Because Alice is entangled in the protocol until Carol decides to exercise it, Alice has to escrow more than she would otherwise. That is, she has to escrow assets on AC in addition to the original assets she escrowed on AB. Alice should only have to escrow what she had in the original swap protocol.

These observations illustrate the challenges of designing transferable options for even a simple two-party swap option. In general, we would like to be able to transfer more complex, linked options. For example, in a cross-chain deal [13], parties can set up a complex network of swaps to be executed atomically, and a mature DeFi system would allow any party to sell their position in that network to another party. Similar challenges arise with types of cross-chain commerce such as bonds, stocks, and derivatives.

7 Related Work

The use of HTLCs for two-party cross-chain swaps is generally attributed to Nolan [17]. HTLCs have adapted to several uses [3, 4, 6, 18]. Herlihy [11] extended HTLCs to support multi-party swaps on directed graphs.

Herlihy et al. [14] introduce the notion of cross-chain deals. They focus on how conventional notions of atomicity are inadequate for an adversarial environment, and give protocols using both HTLCs and a central coordinating blockchain. Zakhary et al. [27] propose a cross-chain swap protocol for proof-of-work blockchains using a witness blockchain as a central coordinator.

The BAR (byzantine, altruistic and rational) model [1, 5] supports cooperative services spanning autonomous administrative domains that are resilient to Byzantine and rational manipulations. BAR-tolerant systems assume a bounded number of Byzantine faults, and as such do not fit our adversarial model, where any number of parties may be Byzantine, rationally or not.

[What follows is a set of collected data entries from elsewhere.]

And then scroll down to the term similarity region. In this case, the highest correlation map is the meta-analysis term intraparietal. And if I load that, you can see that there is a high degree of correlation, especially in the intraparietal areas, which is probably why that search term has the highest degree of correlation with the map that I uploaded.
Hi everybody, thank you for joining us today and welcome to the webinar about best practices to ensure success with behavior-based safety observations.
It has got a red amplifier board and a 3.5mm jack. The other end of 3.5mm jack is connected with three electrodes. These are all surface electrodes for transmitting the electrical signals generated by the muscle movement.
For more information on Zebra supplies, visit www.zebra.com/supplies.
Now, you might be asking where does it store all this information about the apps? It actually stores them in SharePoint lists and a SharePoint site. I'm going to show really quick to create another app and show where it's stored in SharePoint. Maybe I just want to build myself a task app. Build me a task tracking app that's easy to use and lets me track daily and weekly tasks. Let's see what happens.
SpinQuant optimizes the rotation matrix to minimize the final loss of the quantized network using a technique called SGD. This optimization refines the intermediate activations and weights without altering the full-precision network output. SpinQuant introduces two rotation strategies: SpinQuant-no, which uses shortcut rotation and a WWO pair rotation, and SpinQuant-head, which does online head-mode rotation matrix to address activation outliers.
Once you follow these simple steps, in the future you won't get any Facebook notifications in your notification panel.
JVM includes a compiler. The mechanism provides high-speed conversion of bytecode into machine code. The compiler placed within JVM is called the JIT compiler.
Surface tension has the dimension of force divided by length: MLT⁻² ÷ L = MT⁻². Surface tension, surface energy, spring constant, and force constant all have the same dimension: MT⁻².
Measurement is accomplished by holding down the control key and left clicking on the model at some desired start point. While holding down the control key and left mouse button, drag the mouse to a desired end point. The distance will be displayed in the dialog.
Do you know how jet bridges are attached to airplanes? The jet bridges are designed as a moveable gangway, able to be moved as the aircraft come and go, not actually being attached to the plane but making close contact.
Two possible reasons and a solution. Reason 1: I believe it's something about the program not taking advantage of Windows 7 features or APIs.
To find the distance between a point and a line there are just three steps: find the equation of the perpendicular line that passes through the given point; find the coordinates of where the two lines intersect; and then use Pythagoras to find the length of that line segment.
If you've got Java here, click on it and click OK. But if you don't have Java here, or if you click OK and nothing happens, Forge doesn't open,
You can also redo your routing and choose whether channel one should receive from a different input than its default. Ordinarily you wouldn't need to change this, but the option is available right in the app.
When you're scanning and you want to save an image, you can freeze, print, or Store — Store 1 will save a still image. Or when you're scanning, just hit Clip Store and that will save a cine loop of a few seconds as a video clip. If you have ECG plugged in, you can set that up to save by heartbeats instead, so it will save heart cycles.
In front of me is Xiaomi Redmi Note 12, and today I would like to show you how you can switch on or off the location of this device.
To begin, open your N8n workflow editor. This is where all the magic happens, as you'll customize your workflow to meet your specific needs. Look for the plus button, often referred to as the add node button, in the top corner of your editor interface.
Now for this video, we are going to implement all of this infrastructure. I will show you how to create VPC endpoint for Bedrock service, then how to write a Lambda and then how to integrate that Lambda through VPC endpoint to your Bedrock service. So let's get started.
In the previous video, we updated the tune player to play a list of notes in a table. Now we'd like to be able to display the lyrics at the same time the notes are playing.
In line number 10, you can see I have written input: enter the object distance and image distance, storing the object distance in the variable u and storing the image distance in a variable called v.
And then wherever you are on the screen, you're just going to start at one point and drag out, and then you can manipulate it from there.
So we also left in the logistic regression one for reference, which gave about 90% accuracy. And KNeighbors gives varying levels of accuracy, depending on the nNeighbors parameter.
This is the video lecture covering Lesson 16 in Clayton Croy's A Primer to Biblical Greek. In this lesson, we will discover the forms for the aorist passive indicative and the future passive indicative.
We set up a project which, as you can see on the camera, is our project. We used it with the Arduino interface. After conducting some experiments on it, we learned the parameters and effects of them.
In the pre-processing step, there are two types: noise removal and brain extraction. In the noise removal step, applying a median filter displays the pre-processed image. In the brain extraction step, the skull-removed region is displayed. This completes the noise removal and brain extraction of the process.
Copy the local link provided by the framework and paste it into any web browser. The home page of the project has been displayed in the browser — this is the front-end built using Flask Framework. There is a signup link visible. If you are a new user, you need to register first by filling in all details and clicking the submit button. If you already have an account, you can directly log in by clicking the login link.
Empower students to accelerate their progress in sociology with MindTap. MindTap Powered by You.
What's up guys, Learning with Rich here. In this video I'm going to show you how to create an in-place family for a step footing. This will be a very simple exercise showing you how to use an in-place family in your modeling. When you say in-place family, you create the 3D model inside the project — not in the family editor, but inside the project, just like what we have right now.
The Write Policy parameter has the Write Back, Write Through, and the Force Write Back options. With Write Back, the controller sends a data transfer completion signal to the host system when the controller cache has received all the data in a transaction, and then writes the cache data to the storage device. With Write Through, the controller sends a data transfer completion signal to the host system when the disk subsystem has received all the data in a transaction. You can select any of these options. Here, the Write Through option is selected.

In finance, optionality [15] is the notion that there is value in acquiring the right, but not the obligation, to invest in something later. Atomic swap based on HTLCs exposes such optionality to both parties. However, multiple researchers [9, 10, 16] have observed that both parties are exposed to sore loser attacks where the counterparty reneges at critical points in the protocol. Robinson [21] proposes to reduce vulnerability to sore loser attacks by splitting each swap into a sequence of very small swaps, an approach that works only for fungible, divisible tokens.

Xue and Herlihy [25] show how to incorporate premiums into multi-party swaps, auctions, and brokered sales. Prior work was focused exclusively on two-party swaps, and proposed asymmetric protocols, meaning that only one party pays a premium to the other, protecting only that side of the swap from a sore loser attack. These protocols include Han et al. [9], Eizinger et al. [7], Liu [16], the Komodo platform [19], Eizinger et al. [7], and the Arwen protocols [10].

Xu et al. [24] analyze the success rate of cross-chain swaps using HTLCs. Liu [16] proposed an atomic swap protocol that protects both parties from sore loser attacks, structured so that Alice explicitly purchases an option from Bob, and her premium is never refunded. There is no obvious way to extend this protocol to applications other than two-party swaps. Tefagh et al. [22] propose a similar protocol based on an options model.

8 Conclusions

We have argued elsewhere [12] that some early blockchain work recapitulated ideas and algorithms from distributed computing, sometimes falling prey to familiar pitfalls [20, 23]. Here, we argue that blockchain and DeFi open up new opportunities for distributed computing research. In this paper, we outlined how atomic commitment, a classical distributed computing problem, lies at the heart of several DeFi challenges. At the same time, moving from a hardware failure model to a Byzantine failure model opens up rich new research possibilities. Dealing with optionality requires nesting one atomic commitment mechanism inside another (to support premiums), and fully embracing optionality requires nesting yet another atomic commitment mechanism (to support option sale and transfer). We hope that this paper will help draw the attention of our community to these intriguing questions.